Beans! You can add seasonings to them to make them less bland, although I find plain beans pretty delicious. 

I like to drain and rinse a tin of chickpeas and then eat it with some lemon juice and pepper or something. For the sake of intestinal comfort, I definitely recommend working your way up to whole-tin-sized portions.


----------



## melissa75 (Feb 16, 2010)

carrots
apples
grapes
almonds
dried fruit mix


----------



## rctriplefresh5 (Aug 24, 2009)

Doc Rice said:


> Every morning I eat oatmeal. Oatmeal is great because it's filling and cheap. A large container costs like 2 bucks and will last the entire week, if not longer. And you can do a lot to oatmeal, like slicing up bananas and putting them in, sprinkling cinnamon on it, etc.
> 
> I am looking for something like this to eat in the afternoon. Something cheap and tasty, but healthy. Any ideas?


fiberone bars are very tasty. i really like the mocha ones. they are about 3.00 a box of 6. idk how filling they are but i like to eat more than most.

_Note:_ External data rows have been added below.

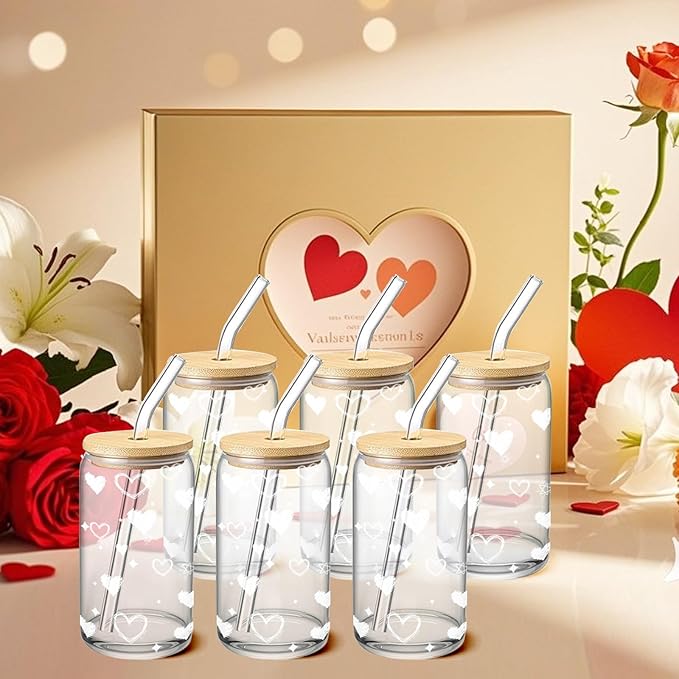 Glass Cups with Lids and Straws – 4 Pack 16oz Heart Tumblers for Cold Drinks, Iced Coffee, Tea, Juice – Sharing Drinkware for Friends, Couples & Gifts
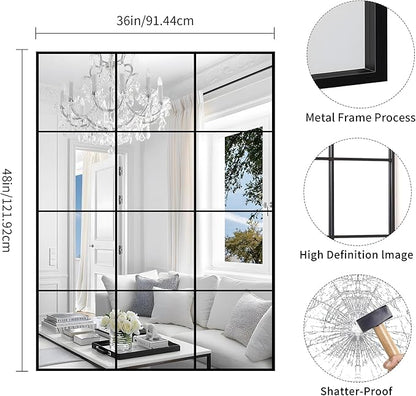 YIROMAN Window Pane Mirror, 36x48 Inch Black Rectangular Decorative Wall Mirror, Large Window Metal Framed Mirrors for Bedroom Living Room Fireplace Entryway, Hanging or Leaning Against Wall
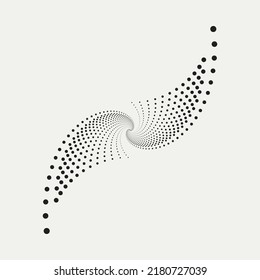 Abstract background. Concentric spiral halftone dotted shape. Geometric art. Trendy design element for border frame, logo, symbol, prints, posters, template, pattern.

kelloggs frosted little bites chocolate is the best cereal ive ever tasted..its around 3-4 dolalrs a box,and loaded with fiber. ican eat a whole box at once cause im addicted to this cereal and ihavent bought any in a while(wow strong addiction jsuit kidding) but its pretty good and healthy or a snack


----------



## Flame Sixtyone (Aug 27, 2009)

Dictionary said:


> Lol that's not filling....but tasty :clap :clap


 Popcorn has a lot of fiber in it, plus it always fills me up


----------



## xJagox (Jun 25, 2010)

I'm not sure about which foods fill up the most, it might be different for everybody, but I do agree about oatmeal for sure. Chef Boryadee is also nice IMO and not that many calories. I also think the TV dinner meals, like Michelina's or Gourmet or great, along with stuff like Ramen/Nissin Chow Mein noodles. This stuff is cheap and it's what I've been living off basically, not sure how healthy it is though...but definitely low in calorie count. 

Another trick I have been doing to keep my weight down is to drink about a 16-20 ounce size bottle of water before every meal. If you can, drink it cold as well....since it's cold it will make your body use more energy to regulate the temperature when it's in your body. Drink it while you're microwaving your meal or whenever.


----------



## Welchsboy (Dec 8, 2003)

I think you can consider a food healthy if it has complex carbs, essential fats, and is generally minimally processed...with that in mind I usually stick to the foods listed the most and I've seen good results personally.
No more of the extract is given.